Netflix: Solving Big Problems with Reactive Extensions (Rx)

More good news for Reactive Extensions (Rx).

Just yesterday, we told you about improvements we’ve made to two Microsoft Open Technologies, Inc., releases: Rx and ActorFx, and mentioned that Netflix was already reaping the benefits of Rx.

To top it off, on the same day, Netflix announced a Java implementation of Rx, RxJava, was now available in the Netflix Github repository. That’s great news to hear, especially given how Ben Christensen and Jafar Husain outlined on the Netflix Tech blog that their goal is to “stay close to the original Rx.NET implementation” and that “all contracts of Rx should be the same.”

Netflix also contributed a great series of interactive exercises for learning Microsoft's Reactive Extensions (Rx) Library for JavaScript as well as some fundamentals for functional programming techniques.

Rx as implemented in RxJava is part of the solution Netflix has developed for improving the processing of 2+ billion incoming requests a day for millions of customers around the world.

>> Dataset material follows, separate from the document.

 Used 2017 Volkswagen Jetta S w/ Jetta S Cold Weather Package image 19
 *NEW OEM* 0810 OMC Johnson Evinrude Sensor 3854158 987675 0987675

To summarize, here’s a great quote from Ben Christensen on the Netflix Tech Blog about Rx:

“Functional reactive programming with RxJava has enabled Netflix developers to leverage server-side concurrency without the typical thread-safety and synchronization concerns. The API service layer implementation has control over concurrency primitives, which enables us to pursue system performance improvements without fear of breaking client code.”